### [THE TASK]
Using the data below, return word for word every line from the one holding "Hey everyone and" down to the one holding "The good news". Leave pictures out.

### [PROVIDED RECORDS]

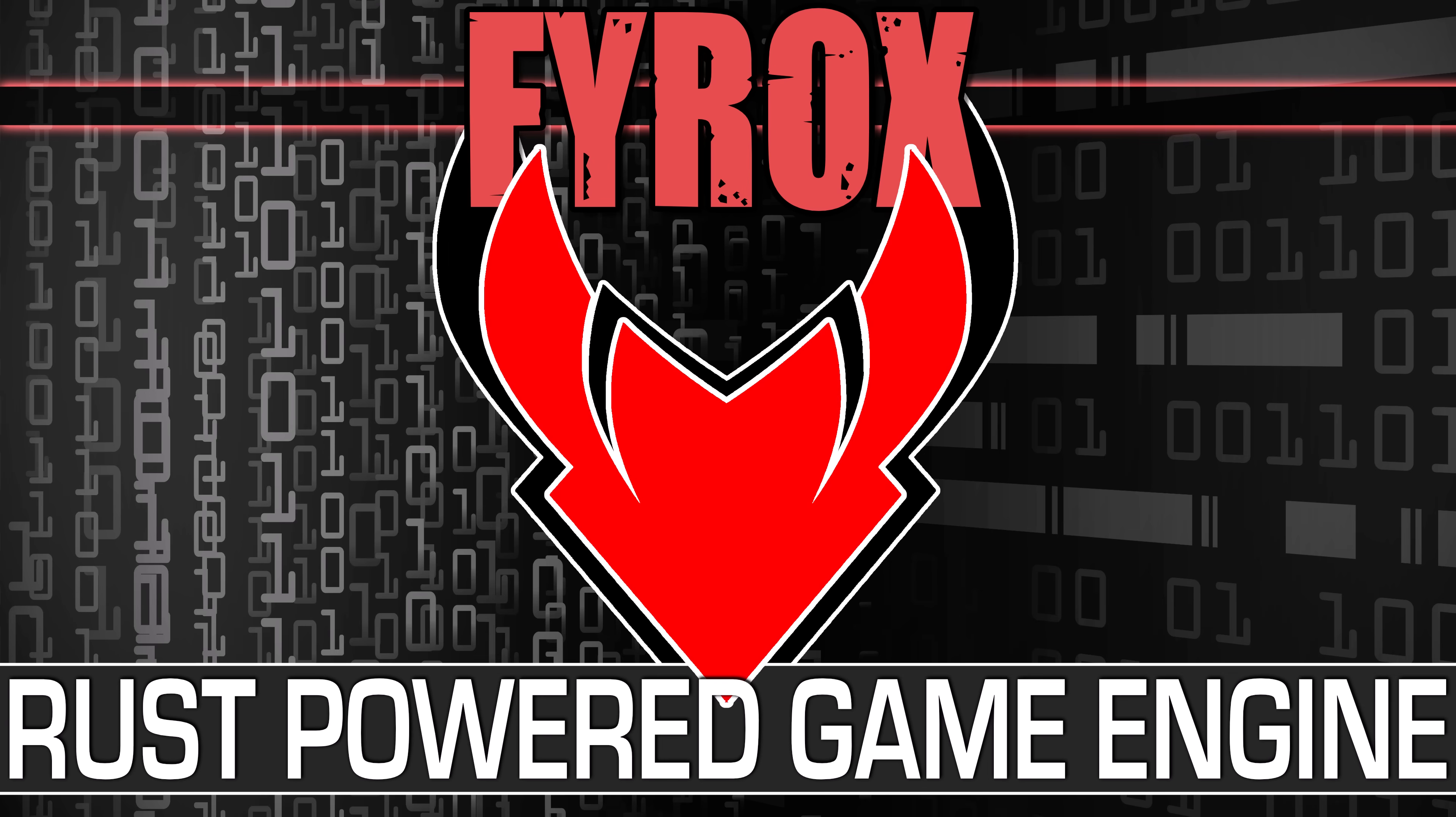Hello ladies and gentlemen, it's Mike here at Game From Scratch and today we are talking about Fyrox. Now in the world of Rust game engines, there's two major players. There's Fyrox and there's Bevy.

==

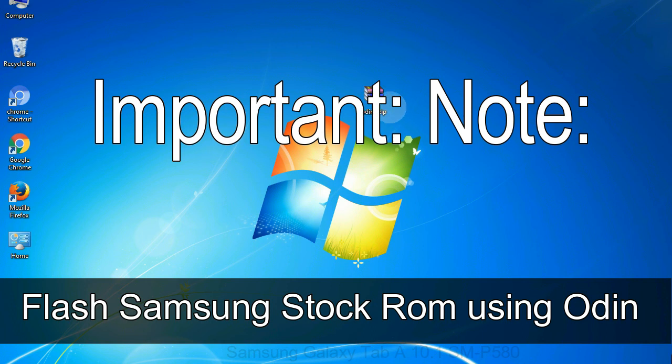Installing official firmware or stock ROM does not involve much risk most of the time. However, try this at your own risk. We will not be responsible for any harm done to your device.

* * *

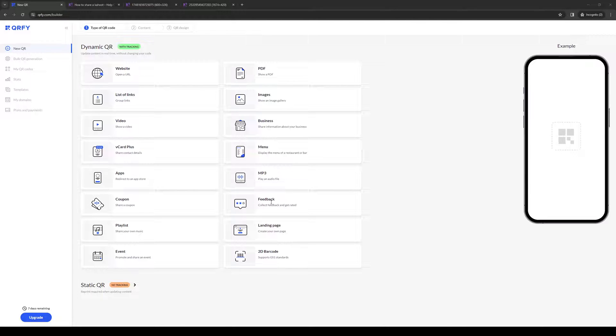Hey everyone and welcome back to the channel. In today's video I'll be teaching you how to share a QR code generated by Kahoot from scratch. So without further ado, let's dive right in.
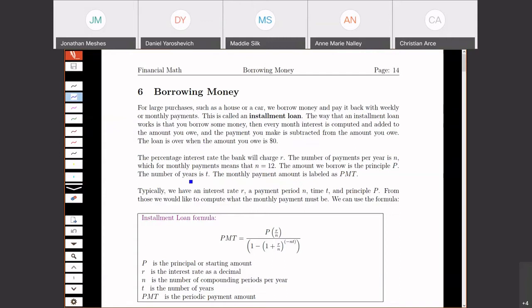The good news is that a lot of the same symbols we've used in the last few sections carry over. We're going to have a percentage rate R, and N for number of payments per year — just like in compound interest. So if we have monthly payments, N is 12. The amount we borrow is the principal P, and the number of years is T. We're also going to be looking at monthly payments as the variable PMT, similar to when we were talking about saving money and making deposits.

### [WRITTEN SOLUTION]
Hey everyone and welcome back to the channel. In today's video I'll be teaching you how to share a QR code generated by Kahoot from scratch. So without further ado, let's dive right in.
The good news is that a lot of the same symbols we've used in the last few sections carry over. We're going to have a percentage rate R, and N for number of payments per year — just like in compound interest. So if we have monthly payments, N is 12. The amount we borrow is the principal P, and the number of years is T. We're also going to be looking at monthly payments as the variable PMT, similar to when we were talking about saving money and making deposits.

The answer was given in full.